*Exercise brief:* In the records below, the lines from the one containing "The Comfort and" through the last are to be reproduced exactly and alone.
*** Given entries ***
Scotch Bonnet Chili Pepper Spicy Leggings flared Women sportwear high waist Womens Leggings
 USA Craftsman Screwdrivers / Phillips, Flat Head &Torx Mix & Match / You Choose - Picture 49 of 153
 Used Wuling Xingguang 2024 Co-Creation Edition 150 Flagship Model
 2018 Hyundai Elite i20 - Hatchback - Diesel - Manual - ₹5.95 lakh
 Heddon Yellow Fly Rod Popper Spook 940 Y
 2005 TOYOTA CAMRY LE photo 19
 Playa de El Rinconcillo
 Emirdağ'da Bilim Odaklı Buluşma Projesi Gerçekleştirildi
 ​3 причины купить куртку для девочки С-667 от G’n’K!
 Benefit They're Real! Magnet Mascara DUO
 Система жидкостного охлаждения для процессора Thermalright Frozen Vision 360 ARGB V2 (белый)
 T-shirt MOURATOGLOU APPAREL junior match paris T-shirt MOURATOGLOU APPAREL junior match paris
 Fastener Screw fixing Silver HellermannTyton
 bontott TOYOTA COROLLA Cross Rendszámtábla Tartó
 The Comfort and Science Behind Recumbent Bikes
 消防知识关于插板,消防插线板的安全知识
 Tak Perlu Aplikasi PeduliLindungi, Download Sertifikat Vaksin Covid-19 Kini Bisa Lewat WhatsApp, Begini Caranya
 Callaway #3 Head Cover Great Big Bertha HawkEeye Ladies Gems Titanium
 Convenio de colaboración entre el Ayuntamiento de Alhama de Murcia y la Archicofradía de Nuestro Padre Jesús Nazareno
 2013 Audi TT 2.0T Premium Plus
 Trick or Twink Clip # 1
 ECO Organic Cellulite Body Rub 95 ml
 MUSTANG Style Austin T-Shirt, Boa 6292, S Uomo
*** End of Given entries ***
*Exercise response:*
 The Comfort and Science Behind Recumbent Bikes
 消防知识关于插板,消防插线板的安全知识
 Tak Perlu Aplikasi PeduliLindungi, Download Sertifikat Vaksin Covid-19 Kini Bisa Lewat WhatsApp, Begini Caranya
 Callaway #3 Head Cover Great Big Bertha HawkEeye Ladies Gems Titanium
 Convenio de colaboración entre el Ayuntamiento de Alhama de Murcia y la Archicofradía de Nuestro Padre Jesús Nazareno
 2013 Audi TT 2.0T Premium Plus
 Trick or Twink Clip # 1
 ECO Organic Cellulite Body Rub 95 ml
 MUSTANG Style Austin T-Shirt, Boa 6292, S Uomo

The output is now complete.